You know those occasional mental flashbacks that make your heart sink, your brain freeze and your body shudder? Those little reminders of all our terrible moments of ill-judgement? We all own a cognitive documentary that charts a comprehensive history of all our silly mistakes and, yes, we all shudder at the mere thought of them.
I’m mentioning this because of a little beach party in Shek O a couple of weeks ago (if you were there, you’ll know the one we’re talking about). Ecstatic couples were copulating in the sand with their pervert friends crowding around as if they were watching an unstaged version of a red light district show. Next to them, a guy had slipped and fallen face first on a rock, blood spurting from every angle of his face after his friends had oh-so-caringly taken flight. There were drunkards rowing, girls crying and guys fingering their catches for the evening at the bar. This was a party scene from the underworld. And the most (un)surprising matter of all? Most of the protagonists were preparing for their GSCEs or A-levels.

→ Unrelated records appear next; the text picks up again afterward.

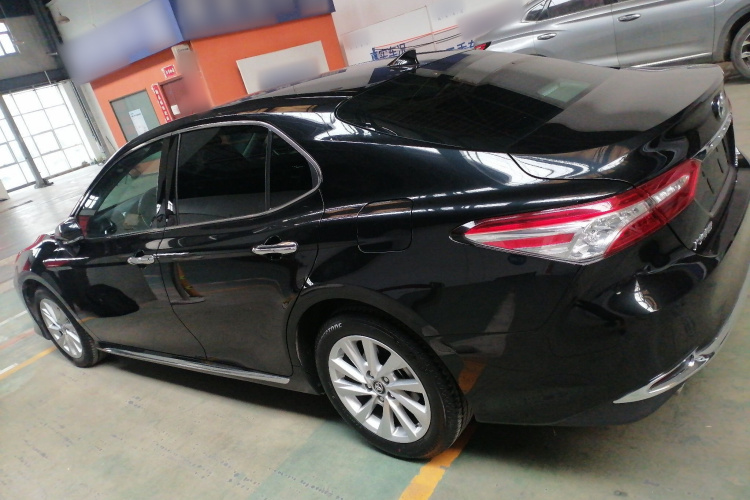 丰田 凯美瑞 2023款 2.0G 豪华版车身外观4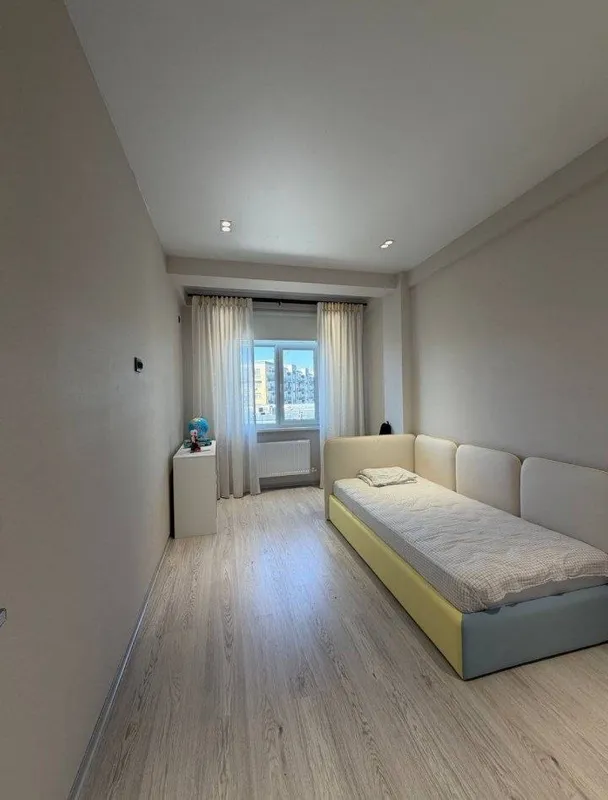 3-комнатная квартира, 75 м², Яшнобод 4
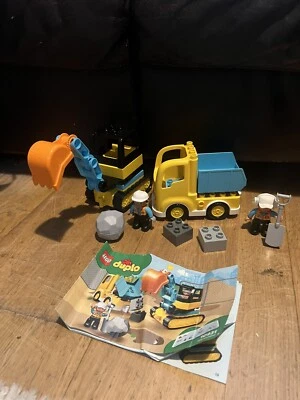 LEGO DUPLO: Truck & Tracked Excavator (10931) - Image 1 of 4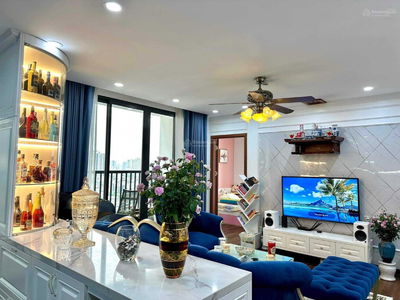 The Golden Palm Le Van Luong, Vietnam The Golden Palm Le Van Luong, Vietnam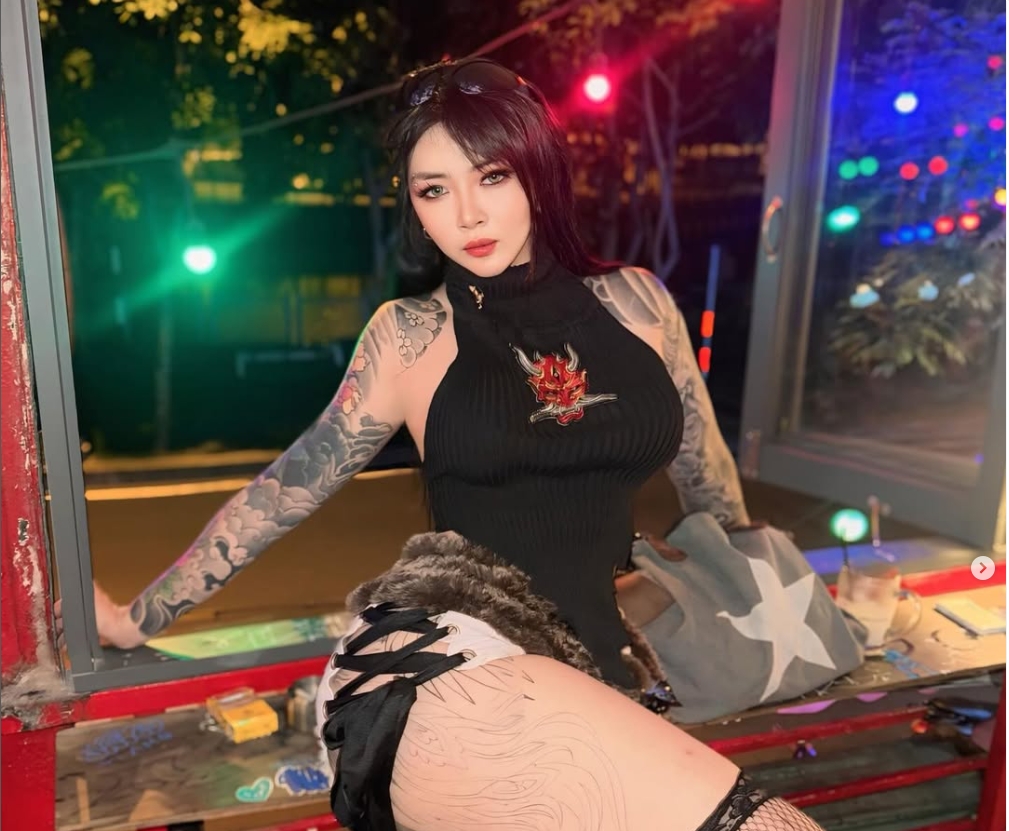 Phim sex Thủy Tạ nyc Blacka chịch some trong khách sạn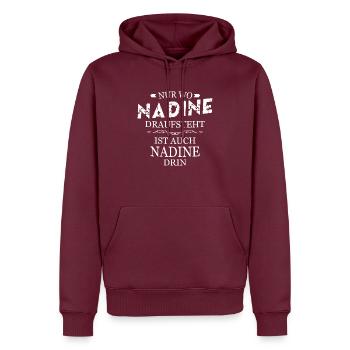 Nadine - Männer Premium Bio Hoodie - Burgunderrot - Vorne - Nico (187cm)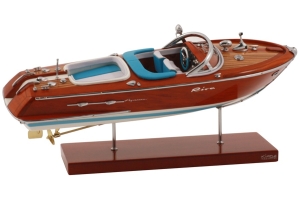 Aquarama Special Modellboot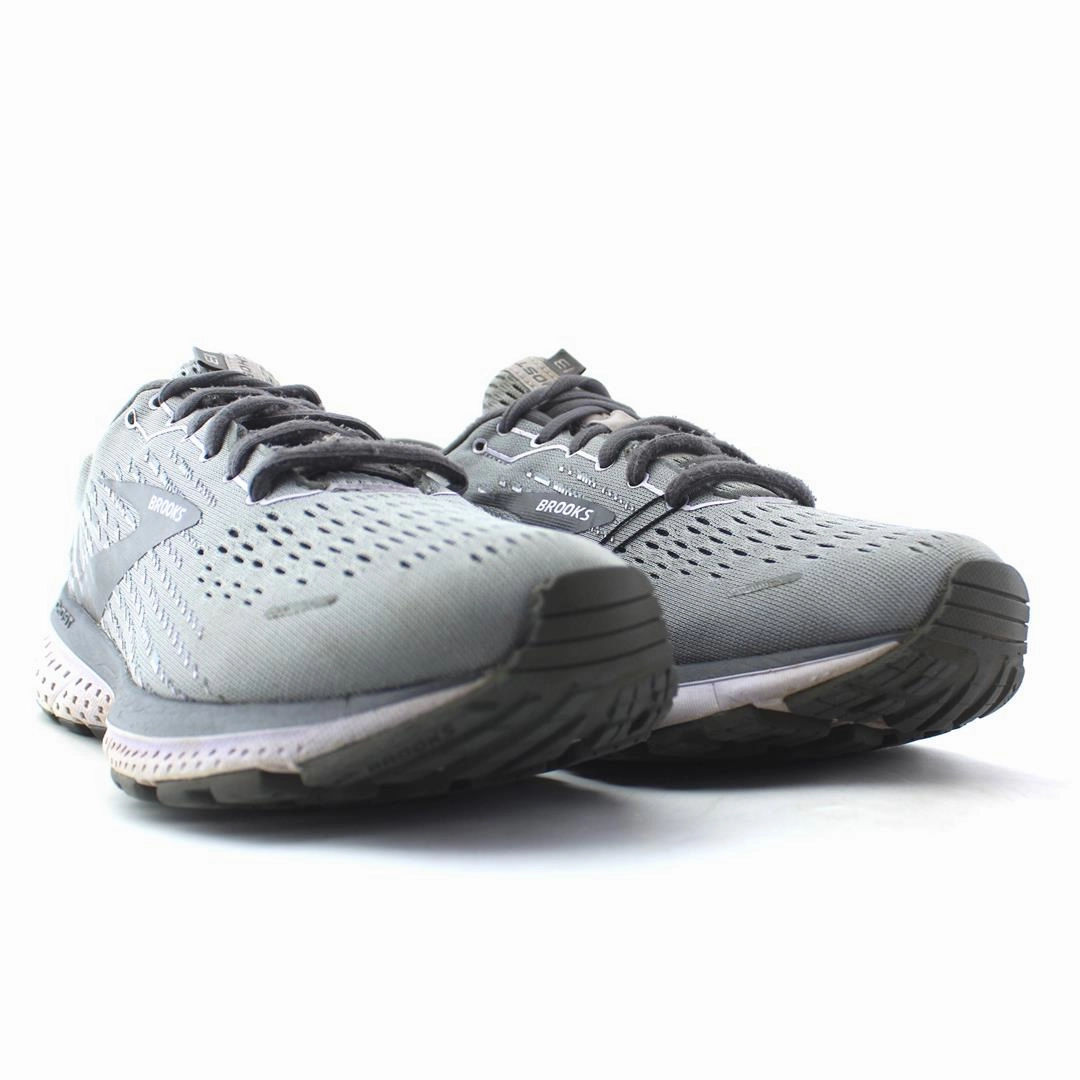 BROOKS GHOST 13 Brooks running footwear shots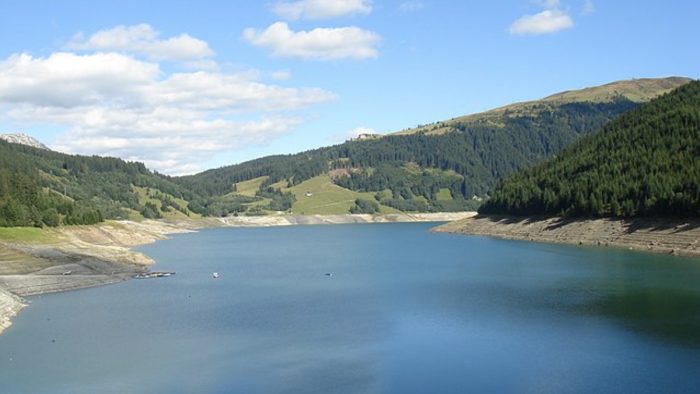 Durlassboden Stausee - Bild von Hänsel und Gretel, CC BY-SA 3.0, via Wikimedia Commons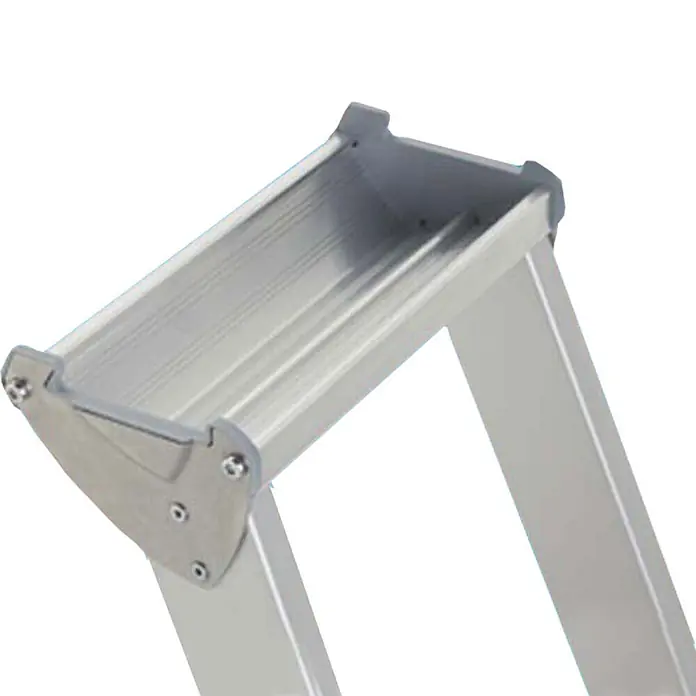 Zarges Stehleiter gebördelte Stehleiter Saferstep S eloxiert 10 Stufen - Anzahl Tritte: 10 Stk., Arbeitshöhe: 4.650 m, Aluminium - Silberne Aluminium-Leiterstufe mit grauen, rutschfesten Kappen, für Stabilität ausgelegt.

We all have an unwatchable mental movie swimming in our heads. And no matter how hard we try to bury that footage, the uninvited sequence has a mind of its own, resurfacing unwanted at regular intervals, impossible to shut away and control. But, here’s the thing: they might make uncomfortable viewing but they’re a necessary evil. Making a life blooper is the emotional equivalent of acquiring a new physical skill through trial and error, akin to learning how to ride a bike hands-free. You might fall off the first few times, maybe scar a knee. But you’ll eventually cycle off, banking a new party trick for the future in the process.
Unfortunately, as Hongkongers, we love bubble wrapping ourselves. It doesn’t help that most of us grow up in bouncy castles with caring parents banning us from any form of dangerous exposure. We are forbidden from bruising – both physical and psychological – so it’s hardly a surprise that we’ve become so content with a storm-free life, happy with the idea of journeying to the grave not having lived and experienced?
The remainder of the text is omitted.